Work task
Skip the pictures. Retype exactly, and only, the lines between the line holding "I'll go back" and the last line below, inclusive.

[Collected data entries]
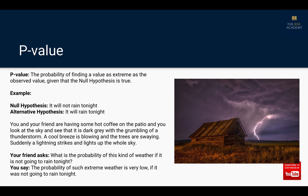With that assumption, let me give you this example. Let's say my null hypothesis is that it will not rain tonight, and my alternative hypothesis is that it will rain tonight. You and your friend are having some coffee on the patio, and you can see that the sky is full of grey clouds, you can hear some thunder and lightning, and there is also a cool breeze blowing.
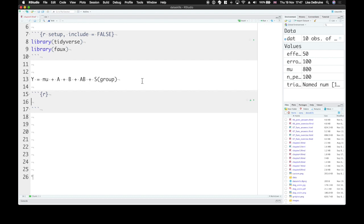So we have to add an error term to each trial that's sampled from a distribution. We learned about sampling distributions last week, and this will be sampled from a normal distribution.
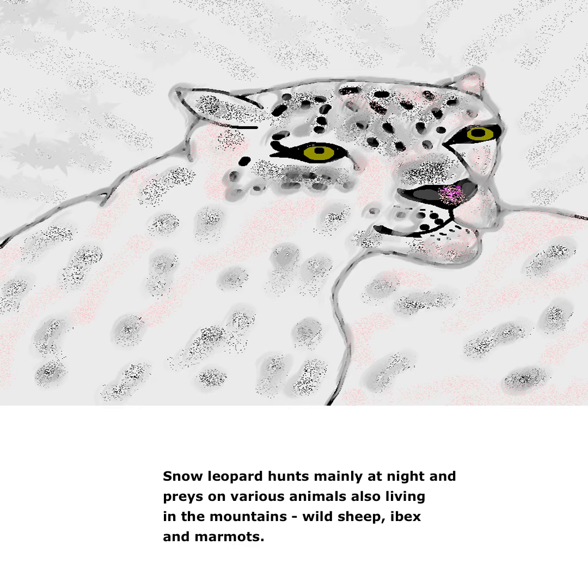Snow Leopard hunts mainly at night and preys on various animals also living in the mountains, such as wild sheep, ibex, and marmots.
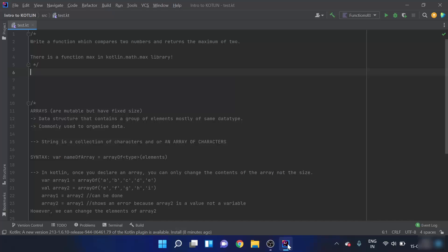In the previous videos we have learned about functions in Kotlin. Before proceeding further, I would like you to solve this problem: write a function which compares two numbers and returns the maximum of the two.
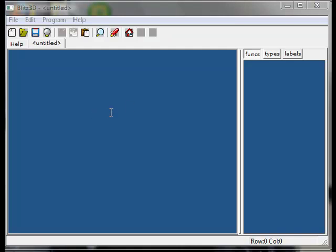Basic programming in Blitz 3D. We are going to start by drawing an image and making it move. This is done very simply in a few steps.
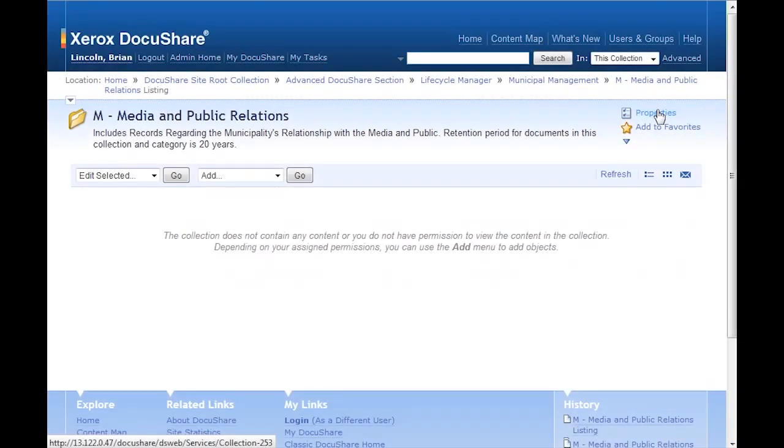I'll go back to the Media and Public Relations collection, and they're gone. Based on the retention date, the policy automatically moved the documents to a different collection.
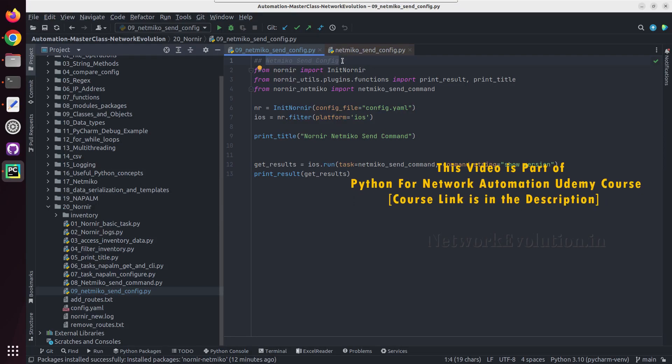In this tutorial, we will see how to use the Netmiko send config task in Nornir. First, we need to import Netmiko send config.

Your solution
I'll go back to the Media and Public Relations collection, and they're gone. Based on the retention date, the policy automatically moved the documents to a different collection.
In this tutorial, we will see how to use the Netmiko send config task in Nornir. First, we need to import Netmiko send config.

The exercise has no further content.